(TASK DATA)
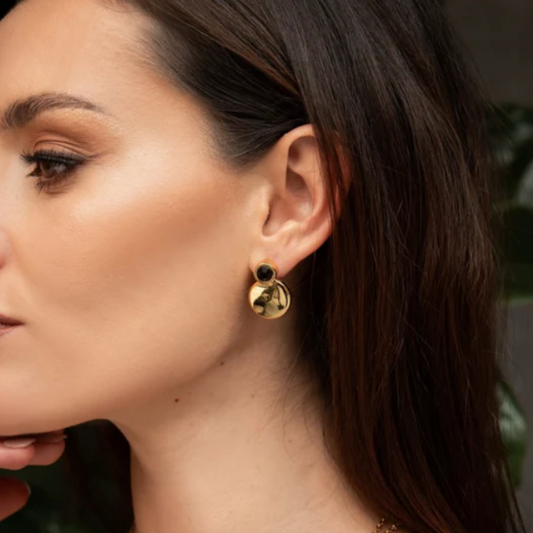 Nerea Black large earrings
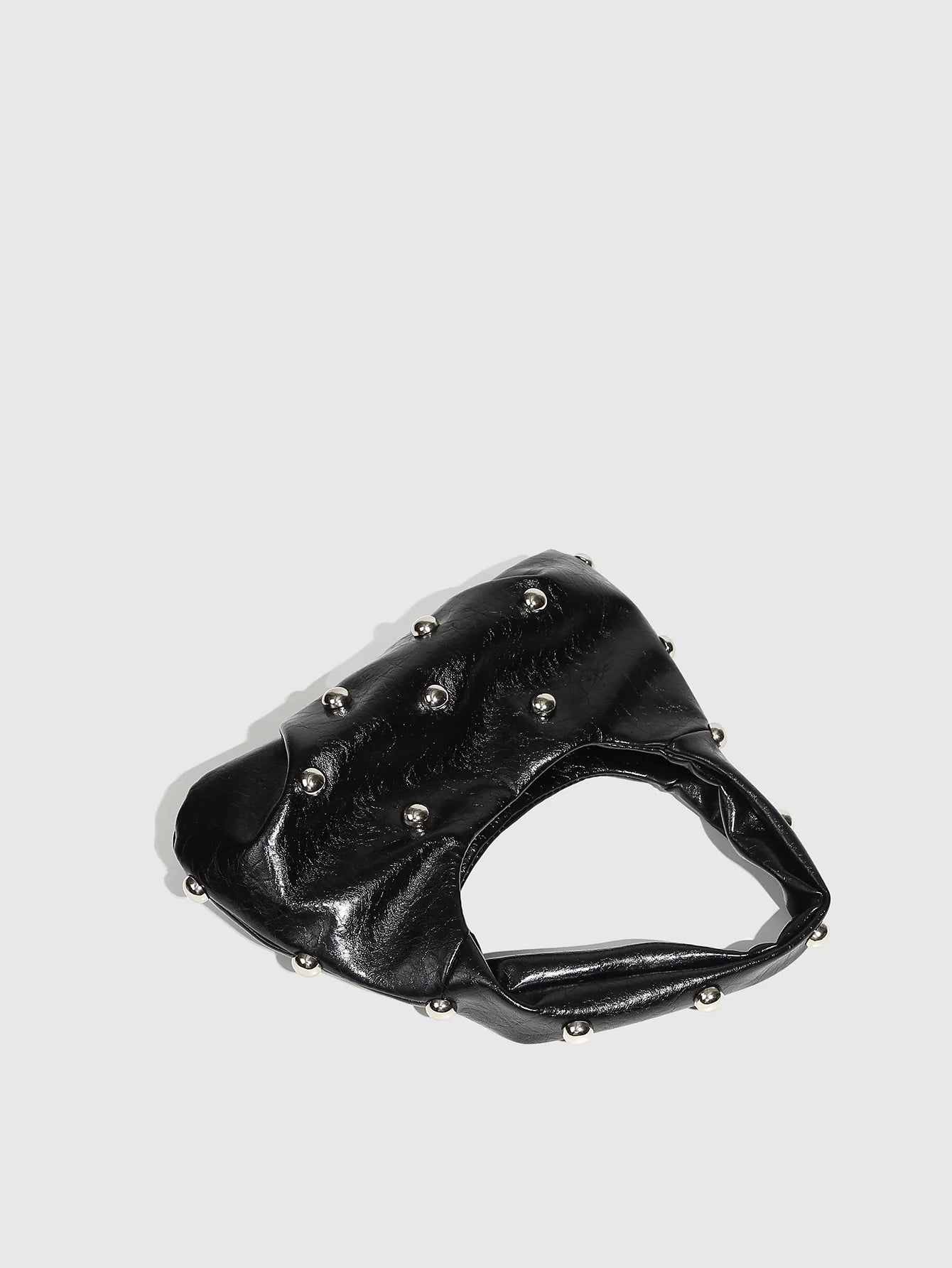 Casual Rivet Soft PU Leather Designer Hobos Half Moon Underarm Bags Mssza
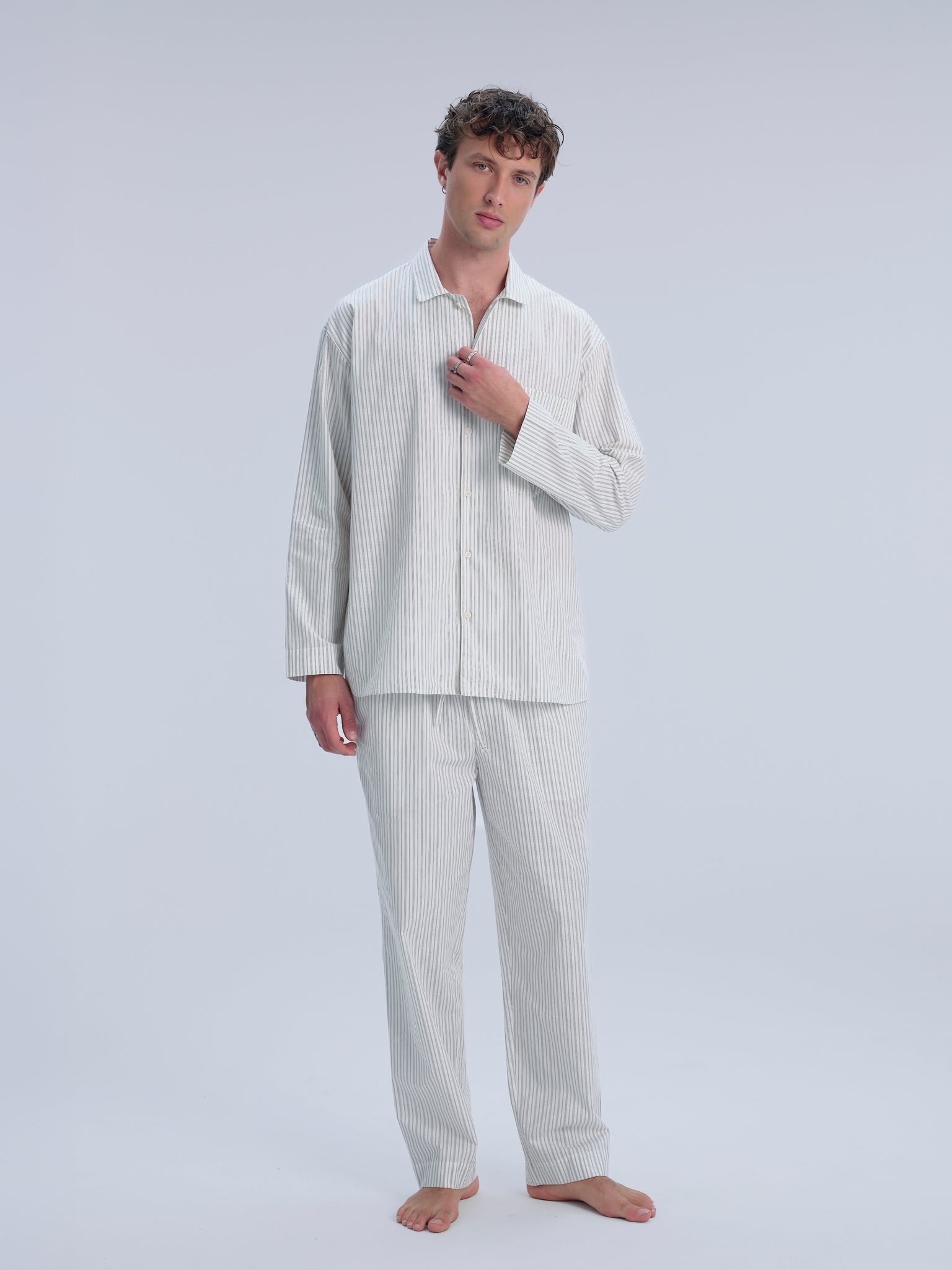 Pyjamahemd - olive cream pinstripe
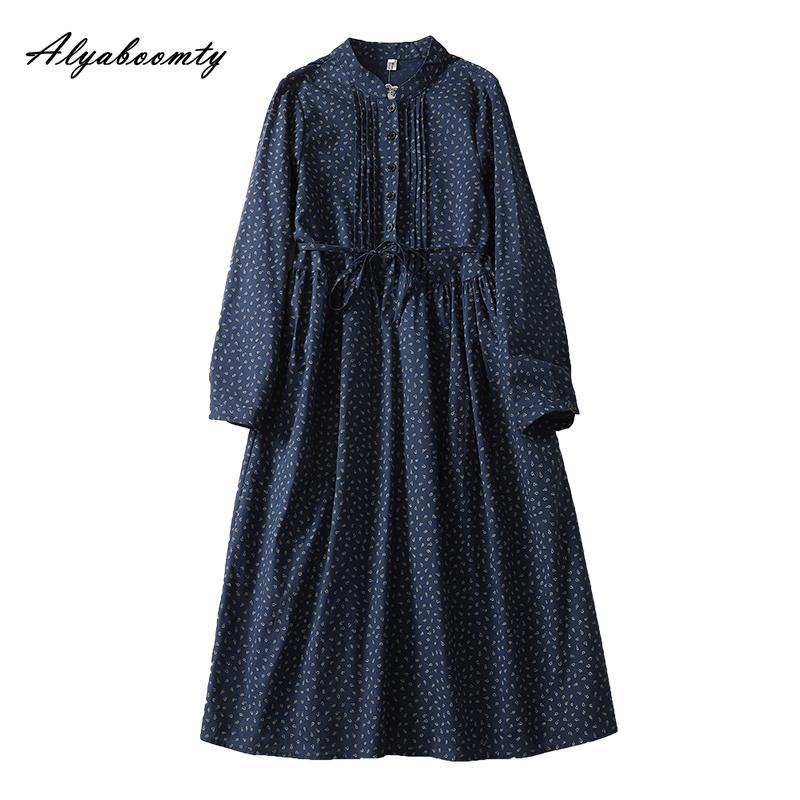 2025 Japoneză Mori Girl Primăvară Toamnă Femei Rochie Midi Guler Stand Maro Bleumarin Rochie Imprime Floral Cu Cirele Mâneci lungi Vintage Basic Rochie Damă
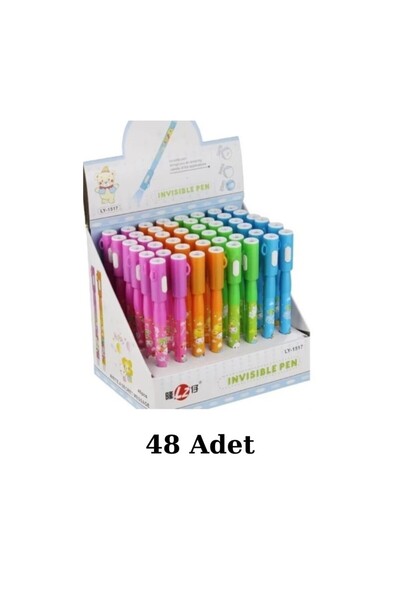 Nostaljik Lezzetler Ayıcık Desenli 48 Adet Görünmez Işıklı Kalem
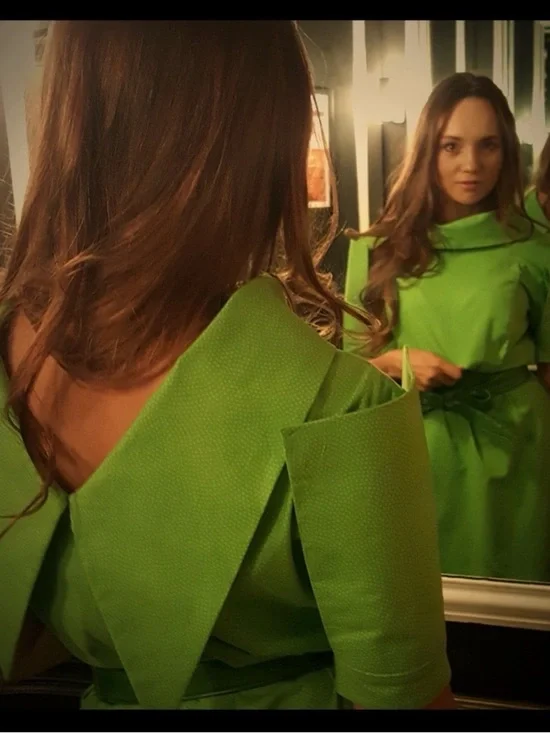 Handmade Architectural Lime Green Cotton Shift Dress - Avant Garde Mini - Picture 2 of 12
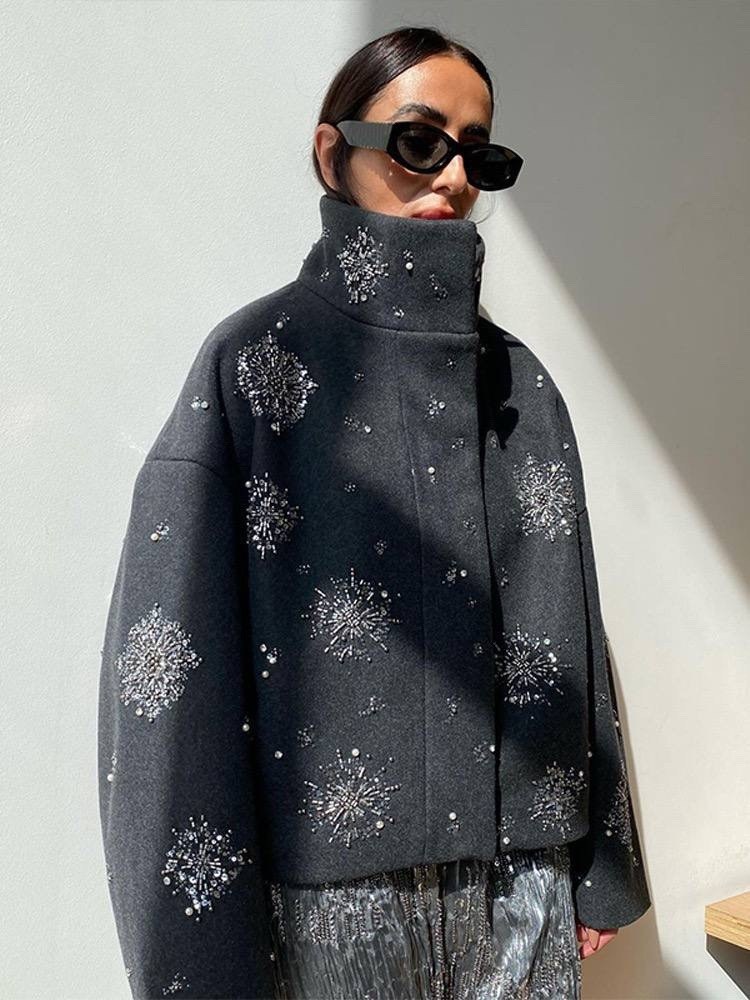 куртка с блестками,пальто с пайетками,куртка с высоким воротом,модная женская куртка,пальто куртка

(EXERCISE DETAILS) Please write out exactly the lines from the one holding "Pyjamahemd - olive cream pinstripe" through the last line of the material above, both included, as a copy without pictures.

(EXERCISE RESULT)
 Pyjamahemd - olive cream pinstripe
 2025 Japoneză Mori Girl Primăvară Toamnă Femei Rochie Midi Guler Stand Maro Bleumarin Rochie Imprime Floral Cu Cirele Mâneci lungi Vintage Basic Rochie Damă
 Nostaljik Lezzetler Ayıcık Desenli 48 Adet Görünmez Işıklı Kalem
 Handmade Architectural Lime Green Cotton Shift Dress - Avant Garde Mini - Picture 2 of 12
 куртка с блестками,пальто с пайетками,куртка с высоким воротом,модная женская куртка,пальто куртка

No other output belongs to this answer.